Closed waitingcheung closed 1 year ago

waitingcheung commented 1 year ago
  1. Alternately replace Conv blocks with MSA blocks from the end of a baseline CNN model.
  2. If the added MSA block does not improve predictive performance, replace a Conv block located at the end of an earlier stage with an MSA.
  3. Use more heads and higher hidden dimensions for MSA blocks in late stages.

I suppose the above rules apply to high-level computer vision tasks such as classifications that involve only downsampling. I wonder how these rules differ for tasks involving upsampling stages such as image generation from latent or segmentation with U-Net.

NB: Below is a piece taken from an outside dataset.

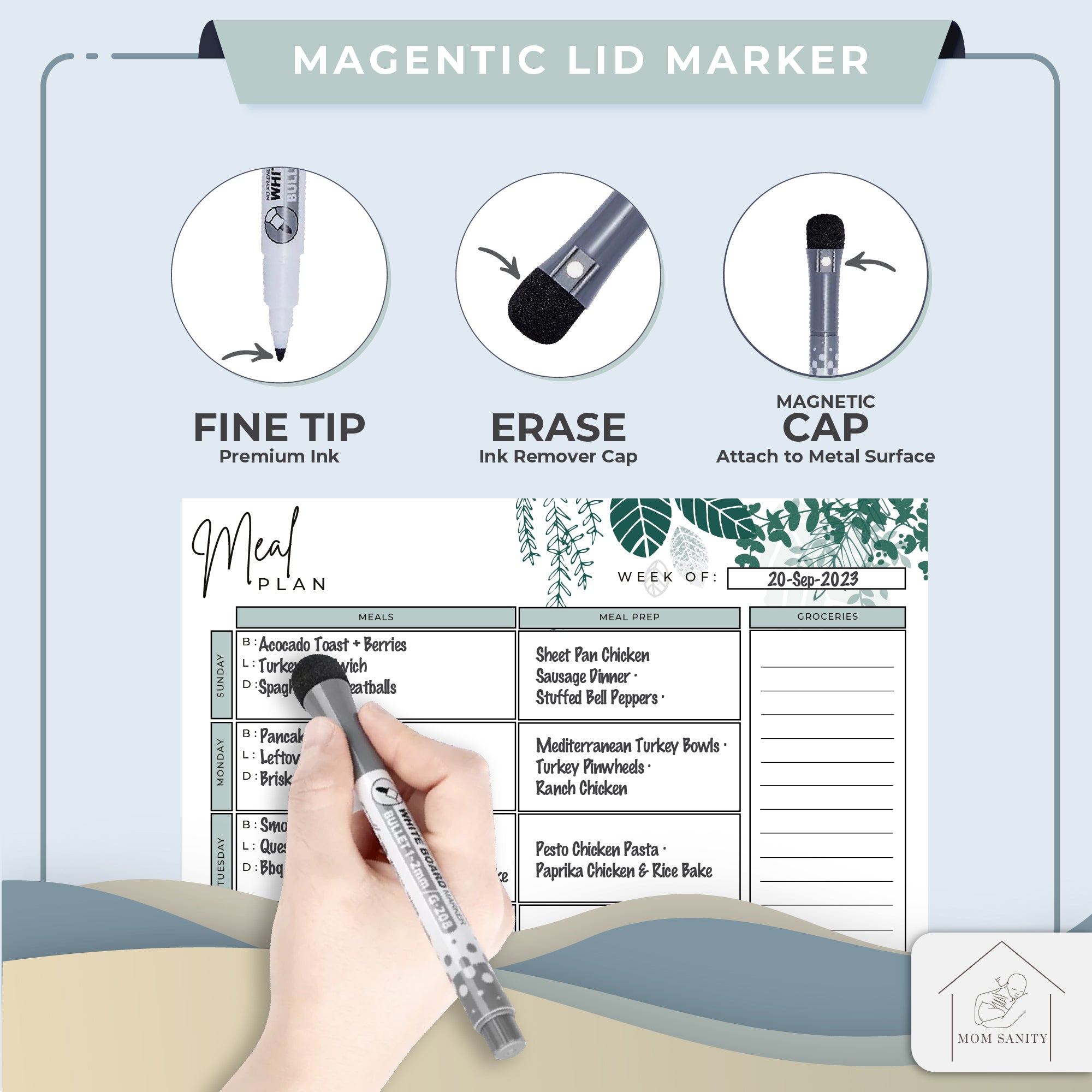 Greenery Meal Plan Magnet Set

In particular, I am interested in (1) the ordering of Conv and MSA blocks and (2) the number of heads and hidden dimensions in upsampling stages.

Based on your findings that Convs are high-pass and MSAs are low-pass filters, I suppose the ordering of Conv-MSA blocks should hold for both downsampling and upsampling stages instead of MSA-Conv blocks in upsampling.

Since downsampling stages usually reduce the spatial resolution and increase the channel dimension, the third rule makes sense. However, upsampling stages usually increase the spatial resolution and reduce the channel dimension, does the third rule still hold for upsampling? Or should it be flipped to fewer heads and lower hidden dimensions for late stages?

I will appreciate your valuable insights on the application of these build-up rules for upsampling stages.

xxxnell commented 1 year ago

Hi @waitingcheung, thank you for the insightful question.

As you correctly pointed out, the building up rule is for encoders or backbone architectures that only include downsampling steps. Finding the appropriate building up rule for decoders is an open problem; decoders may not behave like encoders. For example, decoders tend to capture low-frequency information compared to encoders in some tasks. This may suggest that decoders needs more self-attention layers, more heads, and higher embedding dimensions, compared to encoders, in such cases.

Anyway, I vote for using fewer heads and embedding dimensions in later stages of decoders. Contrary to encoders, intuitively, I expect that later stages in decoders exploit low-level features and capture high-frequency information.